The opposition boycott was expected to give Abdoulaye Wade's ruling Sopi coalition a walkover win in the polls, allowing it to extend its control over a recently enlarged 150-seat National Assembly.
Full results were not expected before Monday.
Opposition leaders had urged citizens to stay at home to contest what they said was octogenarian Wade's increasingly autocratic style and his refusal to discuss alleged flaws in the presidential poll that re-elected him in February.
|Wade casts his vote on Sunday in Dakar [AFP]|
"The turnout was clearly lower than in the presidential elections," said the head of one polling station in Dakar's Point E district.
Turnout in February was 70.5 per cent.
The opposition hailed their boycott strategy as a success.

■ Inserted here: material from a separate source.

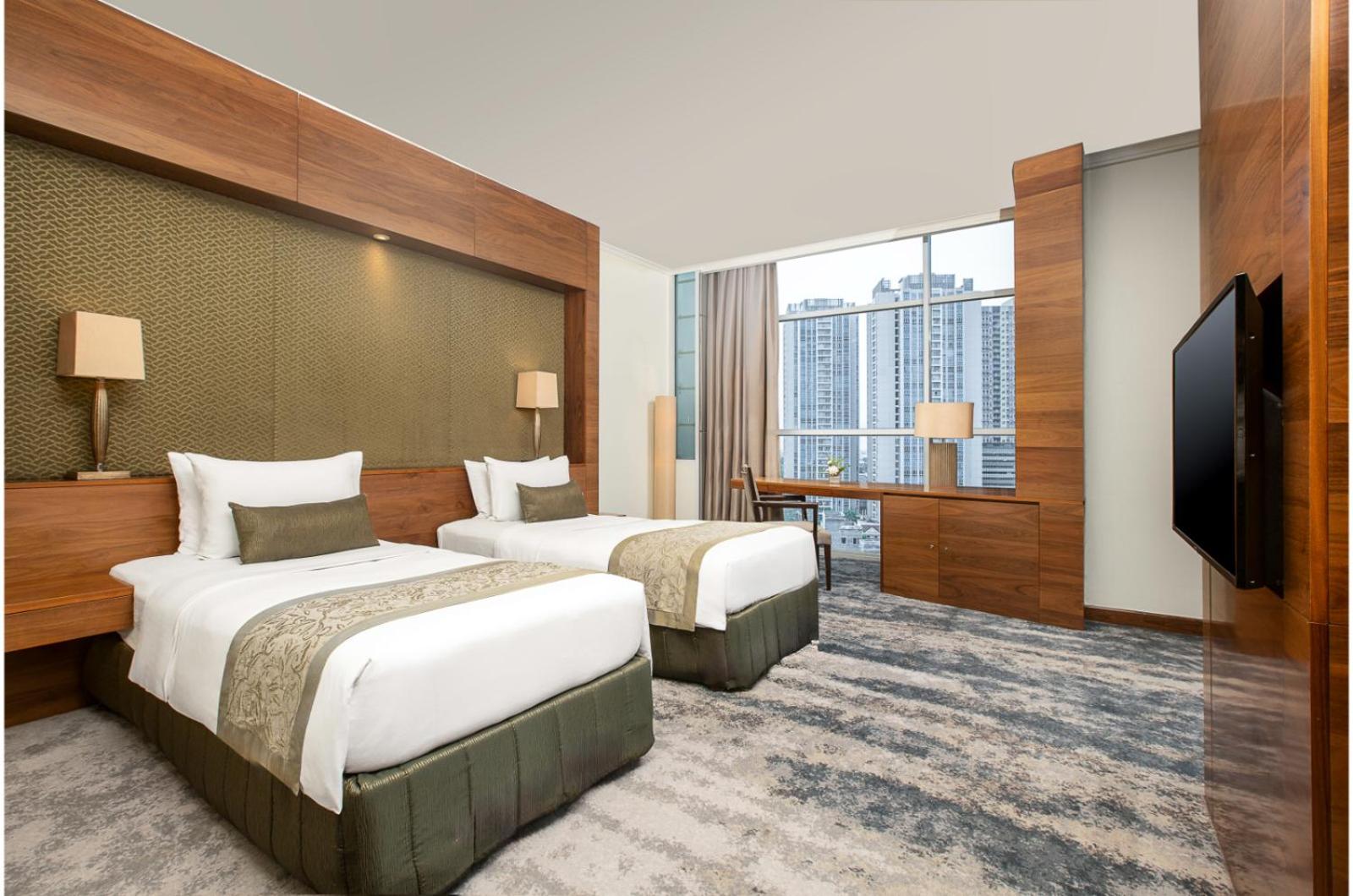 Executive Suite - Photo 7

"This is a real slap in the face for Wade," said Dialo Diop of the Siggil Senegal (Stand up Senegal) opposition coalition, which had distributed leaflets urging voters to snub the polls to "save democracy" and "fight Wade's monarchy".
The boycott and voter apathy risked tarnishing Senegal's image as a model of democracy in Africa.
The mainly Muslim country has won a reputation for political, religious and ethnic tolerance since independence from France in 1960 and has suffered no coups, a unique record in turbulent West Africa.
Some voters said they had lost faith in the ballot box.
Many fear the opposition boycott will remove any effective check to Wade, who has already been criticised for harassing political foes and media critics with temporary detentions.
He was enthusiastically elected in 2000, ending four decades of Socialist rule, but since then has faced criticism for not doing enough to end poverty, unemployment and high prices.